We again see that there is an unexpected line (the .uid method). Manually add the lock and unlock function calls:

Finding the second section that was rejected, we also see it’s an issue involving locks:

Save it, and we should (hopefully) be done patching!

Building After The Manual Patch

Now, let’s pick up where the jetson hacks scripts have left off:

cd kernel/kernel-4.4
make xconfig

Before changing any of the configuration parameters, let’s verify that things compile without tweaking the preemption model. Just go ahead and save the default values as .config.
Continuing on with the jetson hacks stuff, lets go back to the git directory and source the makeKernel.shscript and see if it compiles.

Ok, shit blows up, not what we were hoping to see. It looks like this may be an issue in the way nvidia prefers you build kernels, going back and seeing how good our GoogleFu skills are we find this discussion:

https://devtalk.nvidia.com/default/topic/1014729/how-to-compile-the-tx2-l4t-kernel-source-/

It looks like we need to set some environment variables and select the make output directory.

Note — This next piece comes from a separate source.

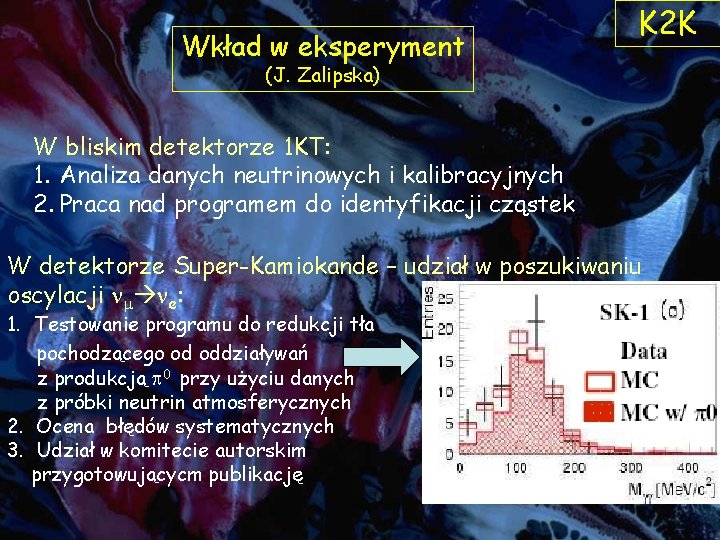 Wkład w eksperyment K 2 K (J. Zalipska) W bliskim detektorze 1 KT: 1.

Let’s make these changes in the jetson hacks makeKernel.sh shell script.

Ok, let’s try making again.

We get a bunch of garbage, so let’s start from a clean slate using make mrproperlike it suggests.

Ok, then let’s manually call the commands:

mkdir $TEGRA_KERNEL_OUT
make O=$TEGRA_KERNEL_OUT tegra18_defconfig
make O=$TEGRA_KERNEL_OUT prepare
make O=$TEGRA_KERNEL_OUT zImage

It looks like we are seeing an issue with compiler warning flags. From a little more GoogleFu it appears that if we are using gcc5.x or higher we can suppress these warnings for incompatible pointer type. Let’s see if we need to chance which version of gcc we are using:

Since we’re using gcc 5.4.0 we can go into the main kernel Makefile and set -Wno-incompatible-pointer-types.

nano /usr/src/kernel/kernel-4.4/Makefile
and then search for the kbuild flag corresponding to incompatible pointer types.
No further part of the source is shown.